Ehlers-Danlos syndromes (EDS) are a group of inherited connective tissue disorders caused by abnormalities in the structure, production, and/or processing of collagen.
- The signs and symptoms of EDS vary by type and range from mildly loose joints to life-threatening complications.
- Features shared by many types include joint hypermobility and soft, velvety skin that is highly elastic (stretchy) and bruises easily.
- Mutations in a variety of genes may lead to EDS; however, the underlying genetic cause in some families is unknown.
- Depending on the subtype, EDS may be inherited in an autosomal dominant or an autosomal recessive manner.
- There is no specific cure for EDS.
- The treatment and management is focused on preventing serious complications and relieving associated signs and symptoms.

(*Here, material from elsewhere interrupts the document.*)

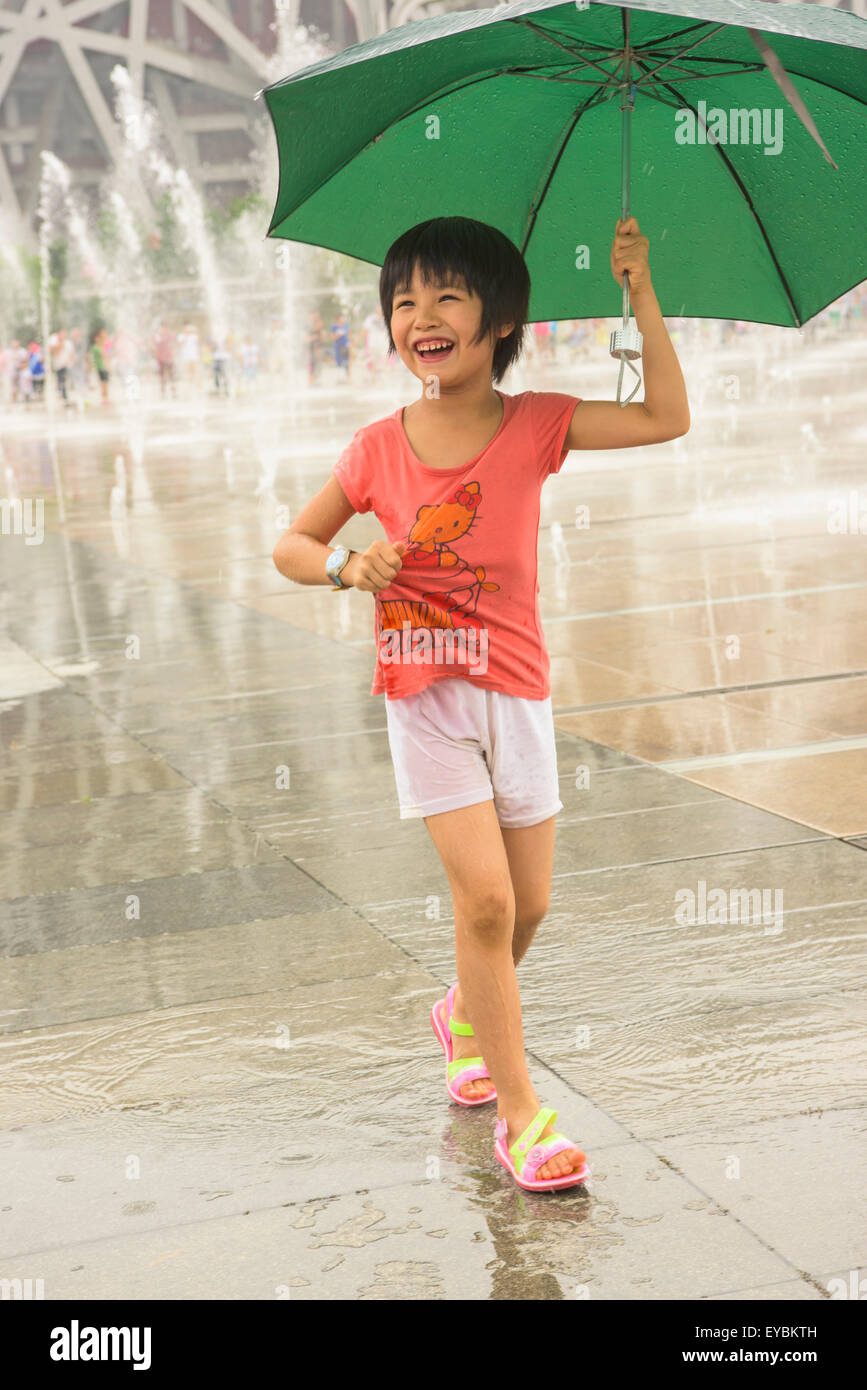 Chinesisches Mädchen spielen unter Wasser-Sprinkler vor Vogels Nest Stadium, Beijing, Juli 2015 Stockfoto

ED syndrome; EDS; Ehlers Danlos syndrome
Arthrochalasia Ehlers-Danlos syndrome; Brittle cornea syndrome; Cardiac-Valvular Ehlers-Danlos syndrome The new classification, from 2017, includes 13 subtypes of EDS. Although other forms of the condition may exist, they are extremely rare and are not well-characterized.
Signs and Symptoms
There are 13 types of Ehlers-Danlos syndromes (EDS), with a significant overlap in features:
Hypermobile EDS - characterized primarily by joint hypermobility affecting both large and small joints, which may lead to recurrent joint dislocations and subluxations (partial dislocation). In general, people with this type have soft, smooth and velvety skin with easy bruising and chronic pain of the muscles and/or bones.
Classical EDS - associated with extremely elastic (stretchy), smooth skin that is fragile and bruises easily; wide, atrophic scars (flat or depressed scars); and joint hypermobility. Molluscoid pseudotumors (calcified hematomas over pressure points such as the elbow) and spheroids (fat-containing cysts on forearms and shins) are also frequently seen. Hypotonia and delayed motor development may occur.

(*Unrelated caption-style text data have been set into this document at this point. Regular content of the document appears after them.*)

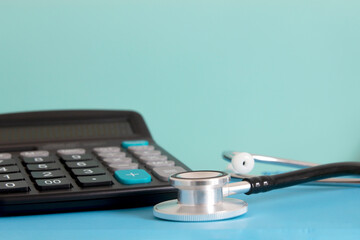 Healthcare cost and medical payment concept , stethoscope with calculator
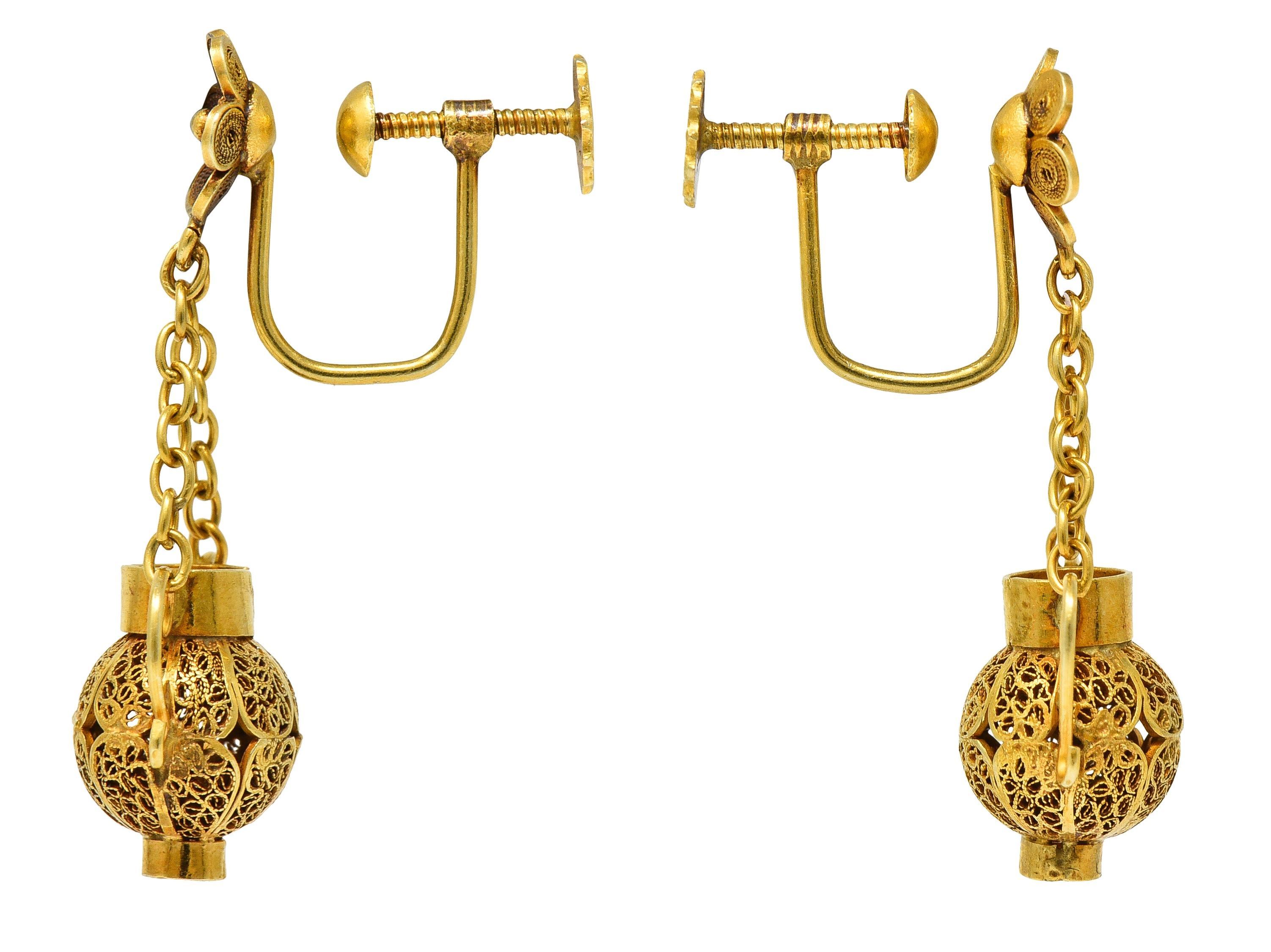 Comprised of floral surmounts with curling filigree petals suspending drops via cable chain
Drops are designed as stylized amphora vases
With filigree body and scrolling wire handles
Completed by screw-back closures
Tested as 18 karat gold
Circa:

Vascular EDS - characterized by thin, translucent skin that is extremely fragile and bruises easily. Arteries and certain organs such as the intestines and uterus are also fragile and prone to rupture. People with this type typically have short stature; thin scalp hair; and characteristic facial features including large eyes, a thin nose, and lobeless ears. Joint hypermobility is present, but generally confined to the small joints (fingers, toes). Other common features include club foot; tendon and/or muscle rupture; acrogeria (premature aging of the skin of the hands and feet); early onset varicose veins; pneumothorax (collapse of a lung); recession of the gums; and a decreased amount of fat under the skin.
Kyphoscoliosis EDS - associated with severe hypotonia at birth, delayed motor development, progressive scoliosis (present from birth), and scleral fragility. Affected people may also have easy bruising; fragile arteries that are prone to rupture; unusually small corneas; and osteopenia (low bone density). Other common features include a "marfanoid habitus" which is characterized by long, slender fingers (arachnodactyly); unusually long limbs; and a sunken chest (pectus excavatum) or protruding chest (pectus carinatum).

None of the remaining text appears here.